Solving the equation requires a trick, which is instead of thinking about the rate alone to think about the quantity d\big(\ e^{kt}\cdot r(t)\ \big). This is equal to e^{kt}\cdot dr(t)\ + \ ke^{kt} dt \cdot r(t), and substituting in the incremental rate term from the original equation we have

    \[d\big(\ e^{kt}\cdot r(t)\ \big) = e^{kt} \Big(k\ [ \theta - r(t) ] dt + \sigma dW \Big) + \ e^{kt} dt \cdot r(t)\]

    \[d\big(\ e^{kt}\cdot r(t)\ \big) = e^{kt} \Big( k\cdot \theta\cdot dt + \sigma\cdot dW \Big)\]

note that the term in r(t) has been cancelled out, and the remaining terms can be integrated directly from a starting time s to a finishing time T

    \[\Big[\ e^{kt}\cdot r(t)\ \Big]_{t=s}^{t=T} = \int_{t=s}^{t=T} k\ \theta\ e^{kt}\cdot dt + \int_{t=s}^{t=T} e^{kt} \sigma\cdot dW\]

    \[e^{kT}\cdot r(T)\ - e^{ks}\cdot r(s)\ = \Big[\ \theta\ e^{kt}\ \Big]_{t=s}^{t=T} + \sigma \int_{t=s}^{t=T} e^{kt}\cdot dW\]

    \[r(T)\ = e^{-k(T-s)}\cdot r(s)\ + \theta\Big(\ 1 - e^{-k(T-s)}\ \Big) + \sigma \int_{s}^{T} e^{-k(T-t)}\cdot dW(t)\]

where r(s) is the initial rate. This is simply a gaussian distribution with mean and variance given by

    \[\mathbb{E} \big[\ r(T)\ |\ {\cal F}_{\rm s}\ \big] = e^{-k(T-s)}\cdot r(s)\ +\ \theta\Big(\ 1 - e^{-k(T-s)}\ \Big)\]

    \[\mathbb{V} \big[\ r(T)\ |\ {\cal F}_{\rm s}\ \big] = {\sigma^2 \over 2k} \Big(\ 1 - e^{-2k(T-s)}\ \Big)\]

Where the variance is calculated using the “Ito isometry

    \[\mathbb{V} \big[\ r(T)\ |\ {\cal F}_{\rm s}\ \big] = \mathbb{E} \big[\ \big(r(T)\big)^2\ |\ {\cal F}_{\rm s}\ \big] - \big(\ \mathbb{E} \big[\ r(T)\ |\ {\cal F}_{\rm s}\ \big]\ \big)^2\]

    \[= \Big( \sigma \int_s^T e^{-k(T-t)} dW(t) \Big)^2\]

    \[=\sigma^2 \int_s^T \Big( e^{-k(T-t)}\Big)^2 dt\]

    \[= {\sigma^2 \over 2k} \Big(\ 1 - e^{-2k(T-s)}\ \Big)\]

as stated above. Note that this allows the possibility of rates going negative, which is generally considered to be a weakness of the model, but the chance is usually rather small.

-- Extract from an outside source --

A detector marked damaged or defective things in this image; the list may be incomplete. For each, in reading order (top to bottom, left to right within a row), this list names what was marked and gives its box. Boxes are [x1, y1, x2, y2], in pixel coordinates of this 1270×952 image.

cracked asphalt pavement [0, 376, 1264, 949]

As we know the distribution of the short rate, we can calculate some other relevant quantities. Of primary importance are the Zero Coupon Bonds, which are required for calculation of forward interest rates. A ZCB is a derivative that pays $1 at a future time t, and we can price this using the Risk-Neutral Valuation technique.

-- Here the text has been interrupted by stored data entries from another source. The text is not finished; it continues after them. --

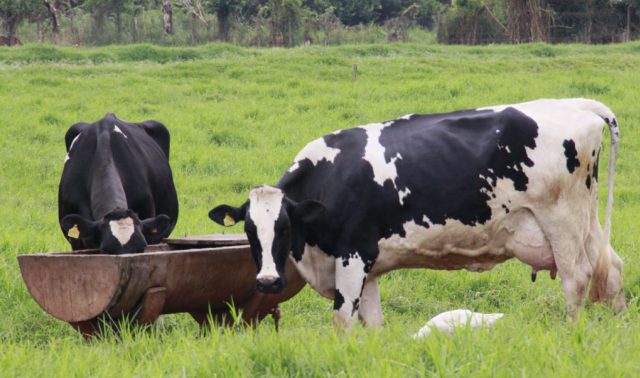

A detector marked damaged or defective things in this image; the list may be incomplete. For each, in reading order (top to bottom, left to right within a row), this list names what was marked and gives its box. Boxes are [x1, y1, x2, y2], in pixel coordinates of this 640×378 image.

rusty trough [16, 233, 304, 336]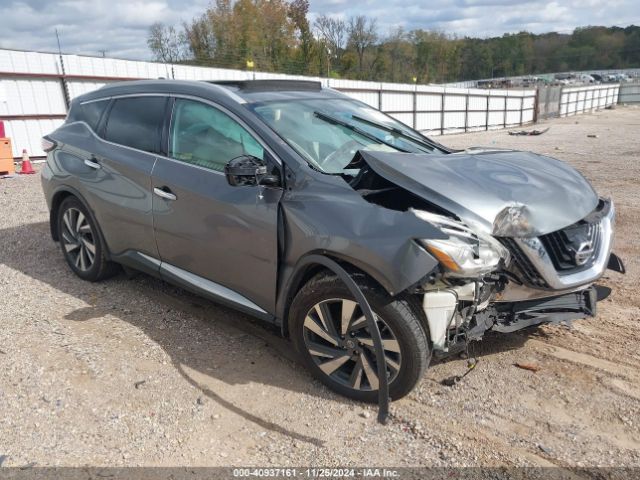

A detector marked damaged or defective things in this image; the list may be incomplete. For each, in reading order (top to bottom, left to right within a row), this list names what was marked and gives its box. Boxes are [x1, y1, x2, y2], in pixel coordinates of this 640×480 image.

damaged hood [360, 150, 600, 236]
damaged gray nissan murano [41, 79, 624, 402]
broken headlight [416, 210, 510, 278]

According to the fundamental theorem of asset pricing, the current price of a derivative divided by our choice of numeraire must be equal to it’s future expected price at any time divided by the value of the numeraire at that time, with the expectation taken in the probability measure corresponding to the choice of numeraire.

In the risk-neutral measure, the numeraire is just a unit of currency, initially worth $1 but continually re-invested at the instantaneous short rate, so that its price at time t is $1 \cdot e^{\int_0^t r(t') dt}. Now, the price of the ZCB is given by

    \[{Z(0,t) \over \$1} = {\mathbb E}^{RN}\Big[\ {Z(s,t)\over \$1 \cdot e^{\int_{0}^s r(t') dt' }}\ |\ {\cal F}_0\ \Big]\]

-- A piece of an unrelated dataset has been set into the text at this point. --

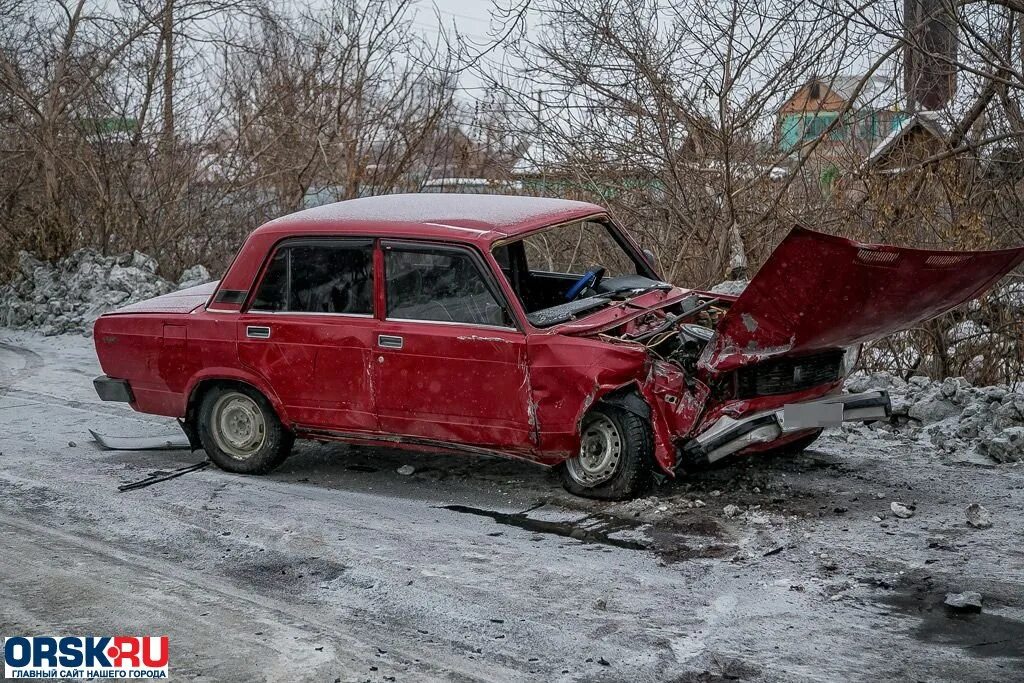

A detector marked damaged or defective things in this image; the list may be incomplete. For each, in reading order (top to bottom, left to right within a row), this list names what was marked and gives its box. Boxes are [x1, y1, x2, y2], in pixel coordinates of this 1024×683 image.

red crashed car [92, 195, 1020, 500]
crumpled hood [700, 228, 1024, 374]
cracked bumper [680, 390, 888, 470]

    \[Z(0,t) = {\mathbb E}\Big[\ {Z(s,t)\cdot e^{-\int_{0}^s r(t') dt' }}\ |\ {\cal F}_0\ \Big]\]

Although the RHS is true at any time, we only know the value of the ZCB exactly at a single time at the moment – the expiry date t, at which it is worth exactly $1. Plugging in these values we have

    \[Z(0,t) = \$1 \cdot {\mathbb E}\Big[\ e^{-\int_{0}^t r(t') dt' }\ |\ {\cal F}_0\ \Big]\]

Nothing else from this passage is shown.